Your job is to give again, exactly and with no additions, the lines in the records below from the one with "کت شلوار مزونی" through the one with "Image 1 of Art", both included. Omit the pictures.

▸ DATASET RECORDS
━━━━━━

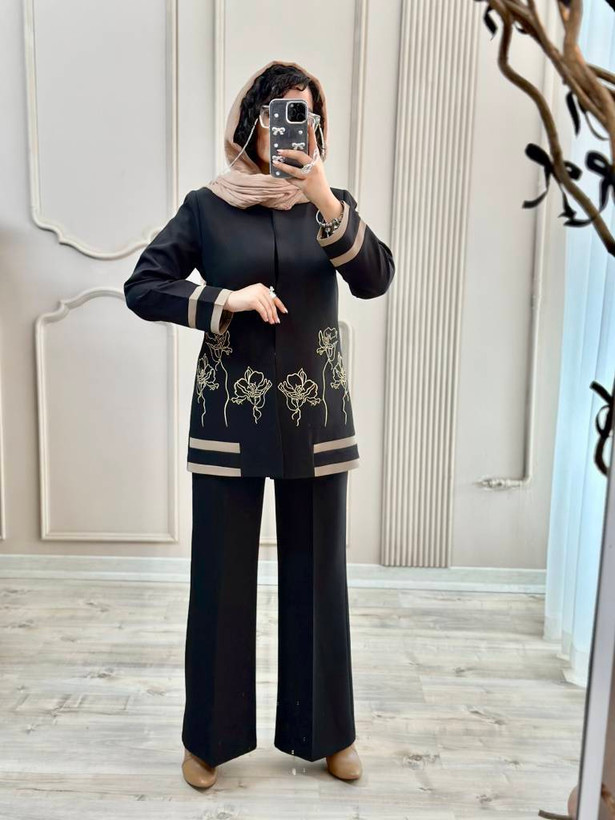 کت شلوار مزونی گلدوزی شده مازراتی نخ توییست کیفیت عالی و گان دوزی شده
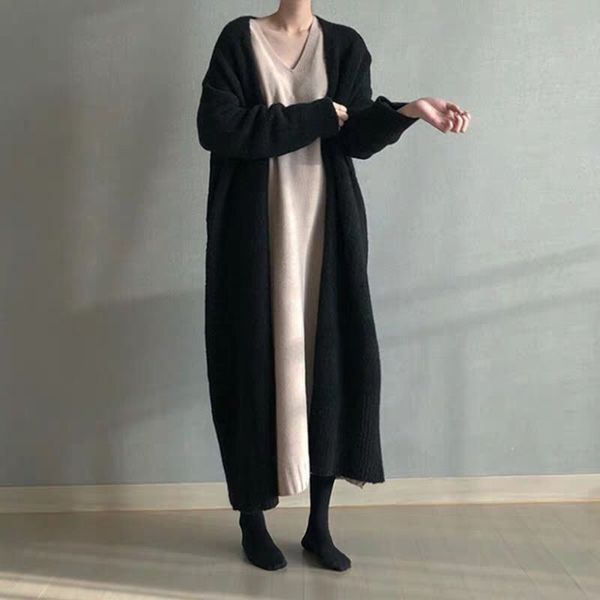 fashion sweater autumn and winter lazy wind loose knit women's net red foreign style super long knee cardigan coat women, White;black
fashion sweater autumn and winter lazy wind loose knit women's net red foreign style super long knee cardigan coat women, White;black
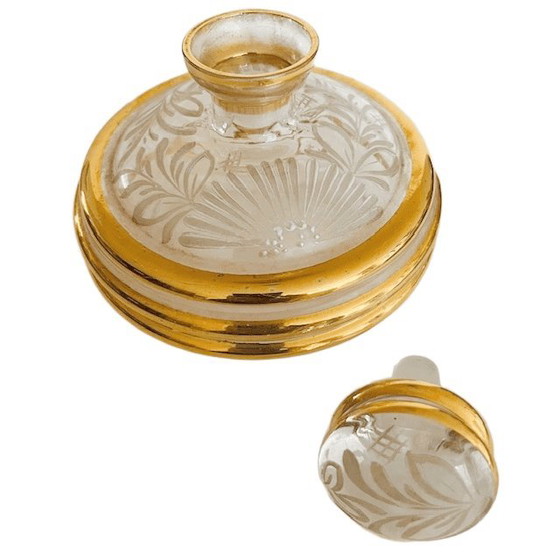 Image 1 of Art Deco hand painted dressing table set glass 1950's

━━━━━━

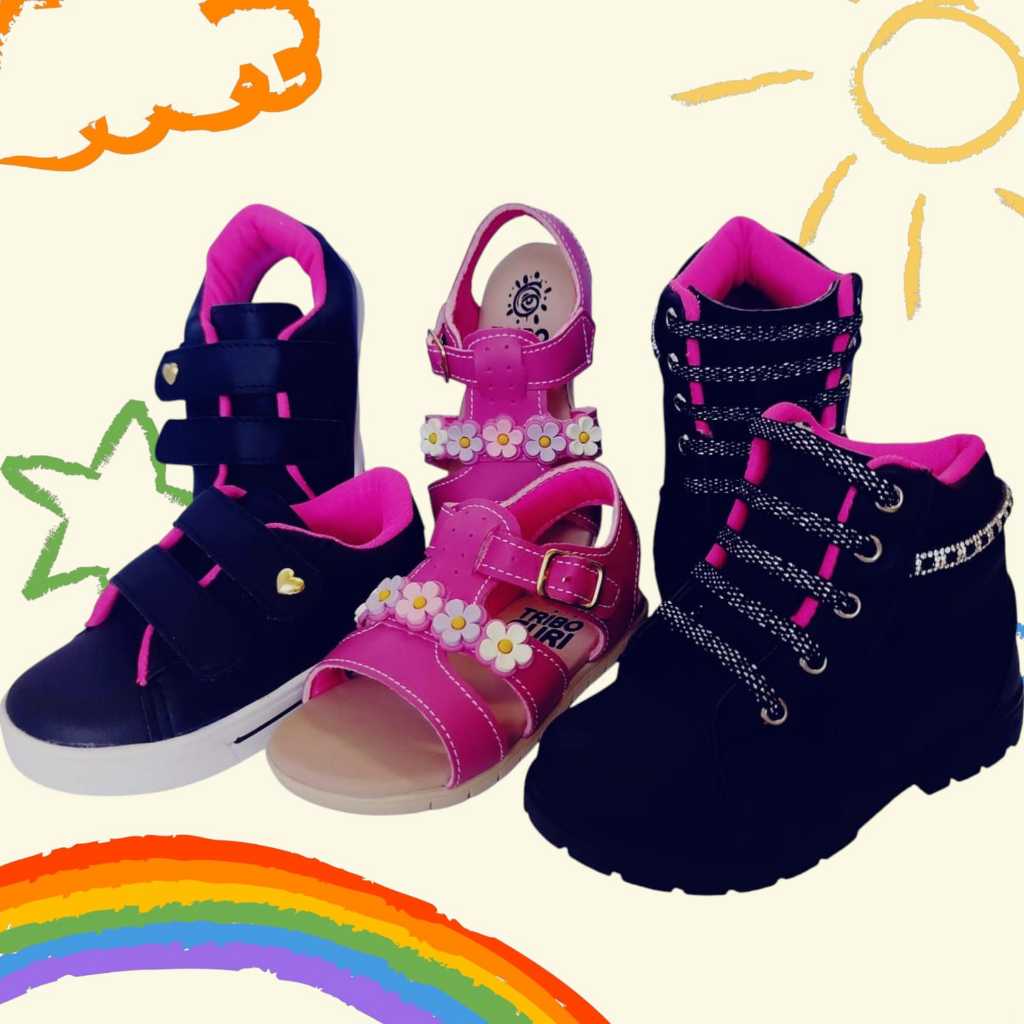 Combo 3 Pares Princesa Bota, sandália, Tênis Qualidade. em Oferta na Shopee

━━━━━━

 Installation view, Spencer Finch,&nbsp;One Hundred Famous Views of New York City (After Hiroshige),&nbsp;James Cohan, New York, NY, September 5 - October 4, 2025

━━━━━━

▸ SOLUTION TO THIS EXERCISE
 کت شلوار مزونی گلدوزی شده مازراتی نخ توییست کیفیت عالی و گان دوزی شده
 fashion sweater autumn and winter lazy wind loose knit women's net red foreign style super long knee cardigan coat women, White;black
fashion sweater autumn and winter lazy wind loose knit women's net red foreign style super long knee cardigan coat women, White;black
 Image 1 of Art Deco hand painted dressing table set glass 1950's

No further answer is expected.